Companies seeking overseas markets for products made through gene-splicing were encouraged yesterday by news that a 24-nation working group had reached agreement on draft guidelines to coordinate the regulation of biotechnology.

A working group of the Organization for Economic Cooperation and Development agreed this week in Paris on a draft report on biotechnology safety and regulatory issues, the State Department said yesterday.

Biotechnology companies moving pharmaceutical, chemical and other products from the laboratory to market have argued that such an agreement is critical to the growth of the industry. They fear that without such an agreement, individual countries may impose widely varying regulatory standards which would increase development and marketing costs. Some also worry that inadequate health and safety standards could hurt the industry.

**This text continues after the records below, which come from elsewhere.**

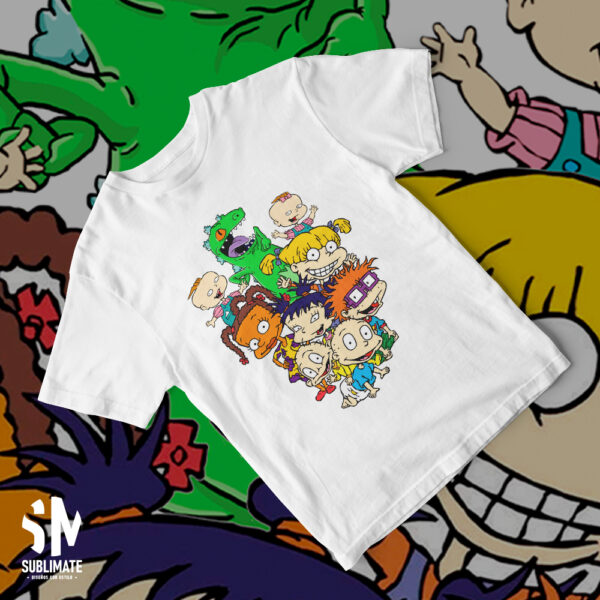 La Familia Rugrats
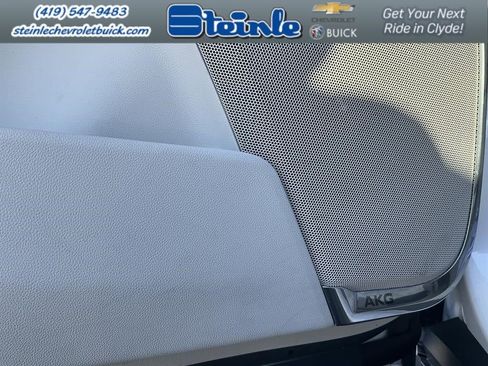 Used 2024 Cadillac Escalade Premium Luxury Platinum w/ Heavy-Duty Trailer Package image 23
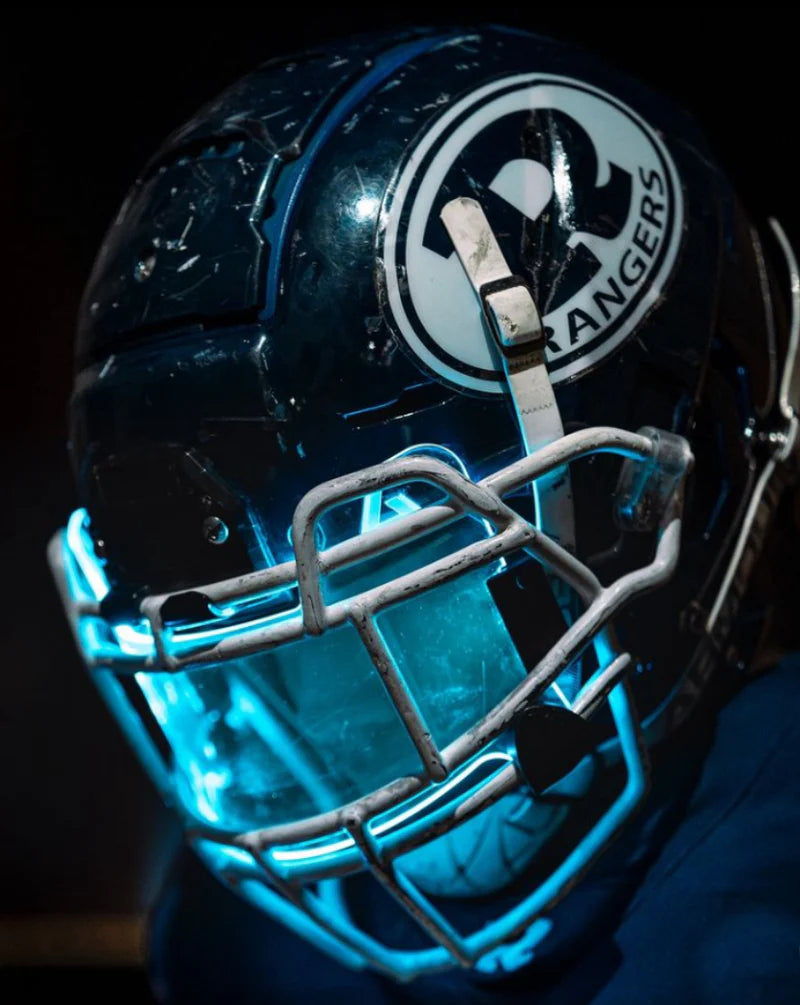 Mica Galaxy Visors con Luz Led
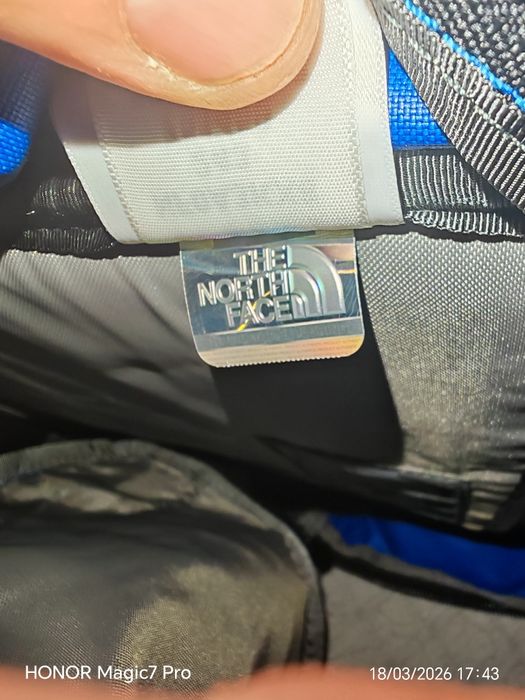 Ghiozdan The north face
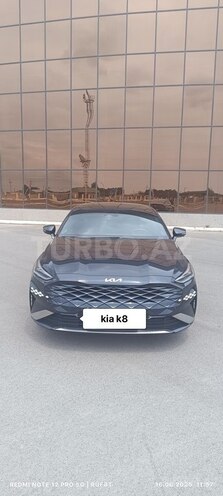 Kia K8 2023, 74,000 km - 1.6 л - Neftçala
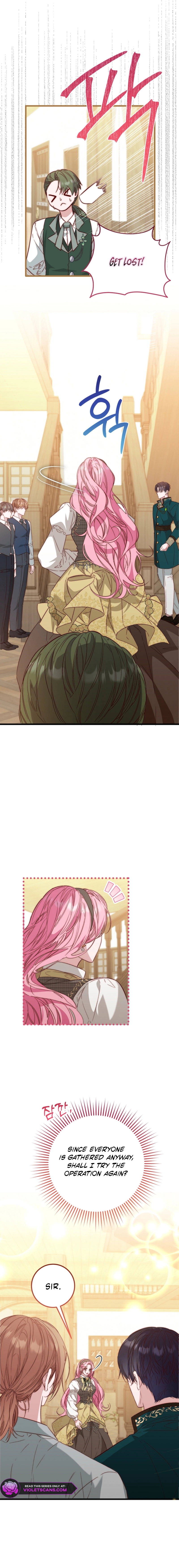 The Returned Villainess Vows to Stay Single Chapter 22 page 2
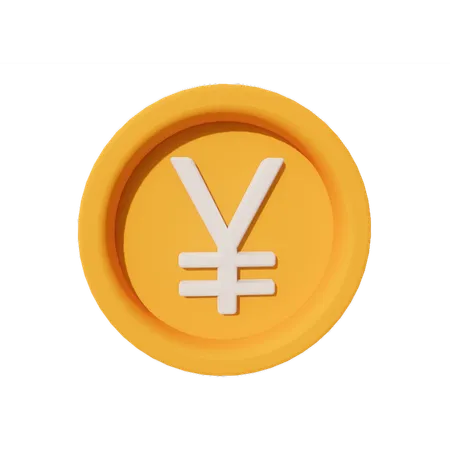 Coins  3D Icon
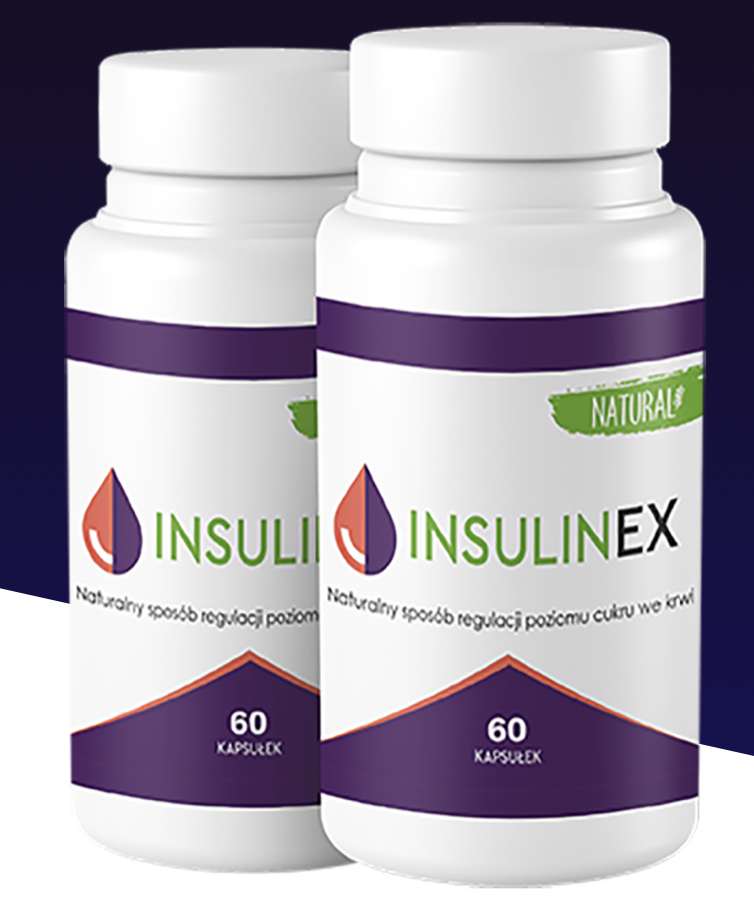 Insulinex kapsułki - opinie, skład, cena, gdzie kupić?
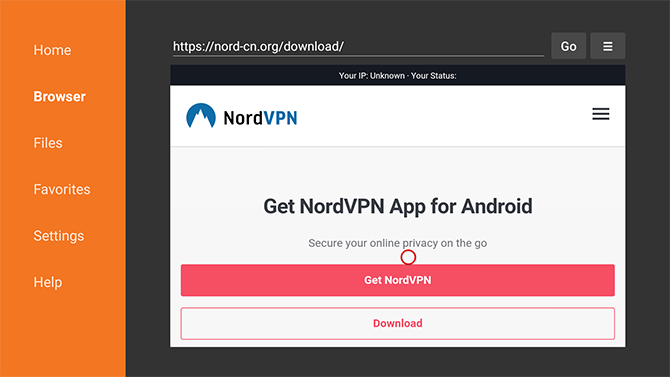 download app fire stick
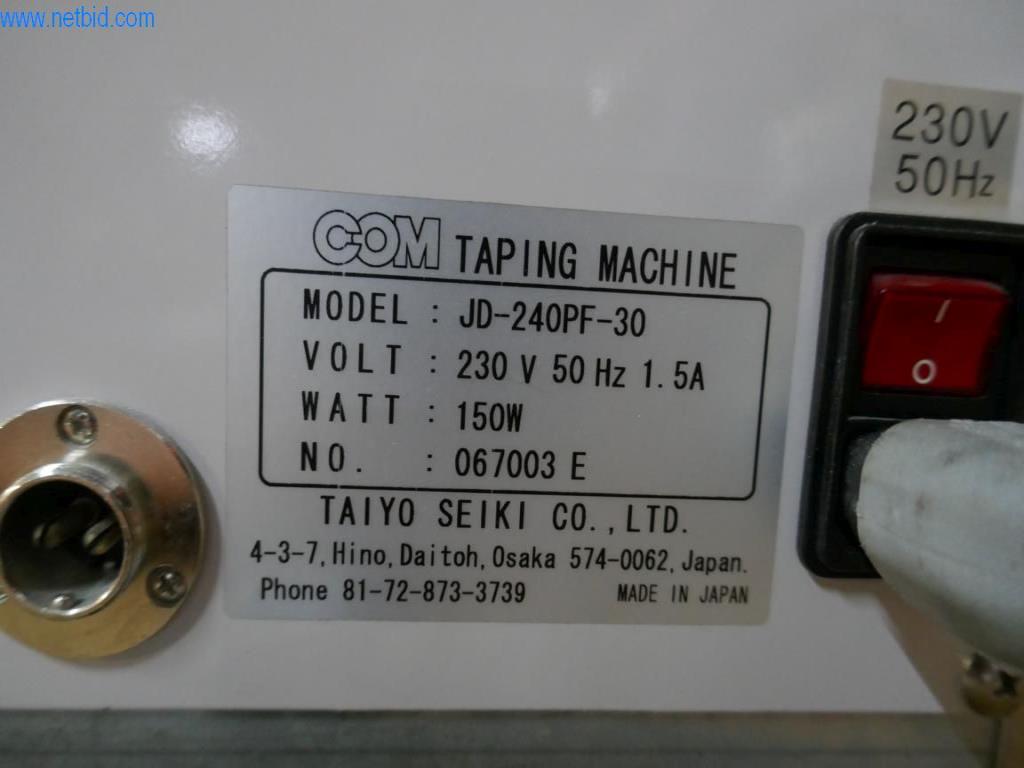 Tiskařské a třídicí stroje-3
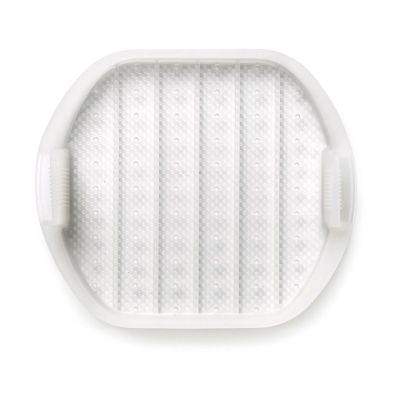 Lékué Lékué monitoimialusta syvä 3-4 annosta. Läpinäkyvä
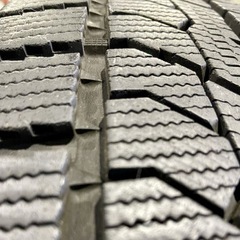 TOYO ガリット2 205/65R16 2021年製　9.5分山の画像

The OECD effort to produce guidelines for biotechnology regulation was stalled after the U.S. delegation pulled out of an August meeting that was expected to ratify a document previously agreed to in May. The U.S. government objected to portions of the May draft and rewrote the document, prompting two members of Congress, Rep. John D. Dingell (D-Mich.) and Sen. David F. Durenburger (R-Minn.), to charge that the U.S. delegation had acted to "imperil the success" of the OECD project.

The document accepted yesterday is "a composite" of the two drafts, said a State Department official who asked not to be named. "The U.S delegation is satisfied with the document . . . our concerns have been met," he said.

"The industry is pleased that harmonization of biotechnology regulation within the OECD community appears to be moving in a constructive direction," said Harvey Price, executive director of the Rockville-based Industrial Biotechnology Association, representing 48 U.S. and foreign biotech companies.

The next step is for the draft to be reviewed and adopted by individual governments, which can then use it to design their own codes, regulations or other methods of assessing the risk and evaluating the products of biotechnology.